Now, twenty-something years later, as a composer and sound designer, I normally visualize my work within a cinematic landscape, but despite every fledgling attempt to recapture the magic of a scoring stage with unisoned supersaws layered with gobs of reverb and delay, nothing beats the real thing.

For years, I’ve been looking for a one-stop shop for string ensembles and orchestral instruments, which are usually buried in an ocean of factory content for romplers and power samplers, but I could never manage to find something entirely devoted to film scoring that didn’t sound like garbage and felt approachable and easy to use. At long last, my quest is over.

The Review

My first order of business was Orchestral Companion Strings. Upon startup, I was floored by the crisp, clear recordings. I could even hear the bow hairs scraping against the strings. Obviously, Futura Productions spared no expense in top-tier recording equipment. An extraneous amount of attention to detail was invested in re-creating the “front-of-hall” experience of a real string ensemble, and with members of the Boston Pops at the helm…well, let’s just say you’re in for a treat.

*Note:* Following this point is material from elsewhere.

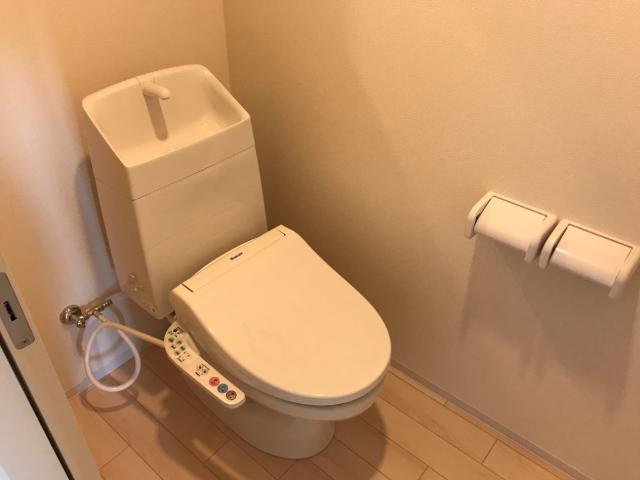 トイレ　トイレ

The samples take a minute to load, but if you consider how many velocity layers are at your disposal, it’s totally worth the wait. The first thing I noticed were controls for articulation such as sustain, staccato, spiccato, pizzicato and tremolo, all of which you can seamlessly transition between without waiting for individual samples to load. However, it’s important to note that these articulation controls only work with the top level sample sets. Other more specific articulations are available in sets like “Espressivo” and “Trem Ordinaire”, which are intended for whatever purpose their labels indicate. This actually makes perfect sense if you think about it. There’s no need to use sustain for “Trem Sul Porticello” for the same reason there’s no need to use spiccato for “Sus Down Bow”.

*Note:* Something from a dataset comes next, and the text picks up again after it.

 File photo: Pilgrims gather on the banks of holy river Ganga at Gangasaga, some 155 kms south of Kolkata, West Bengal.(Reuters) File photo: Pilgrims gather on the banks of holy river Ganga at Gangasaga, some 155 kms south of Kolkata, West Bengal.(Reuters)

There are also a surprising amount of built-in effects on tap, including chorus, stereo delay, and a very natural sounding reverb, all of which have intuitive controls and a simple “on-off” toggle switch. I couldn’t help but noticed that the EQ module is actually just a lowpass and highpass filter in series with peak/notch and high-shelving EQs sandwiched in between the two. Considering that you can use these controls in tandem with the filter section, which has ten different filter types, you can color the sound in a variety of ways. If you really want to go nuts, increase the amount of feedback in the chorus module to create a weird flanging effect, then slather it with loads of reverb and delay. This is a great sound for scoring horror films, especially when you mess with the pitch wheel. Oooh, Creepy.

The rest of the controls are relatively simple, with AHDSR amp and filter envelopes, and depth and rate knobs for dedicated amp, pitch and filter LFOs. I was actually relieved by how simple the control surface is. I don’t have to worry about any hidden features. Everything I need is clearly displayed on the front panel, which is very conducive for a hassle-free workflow.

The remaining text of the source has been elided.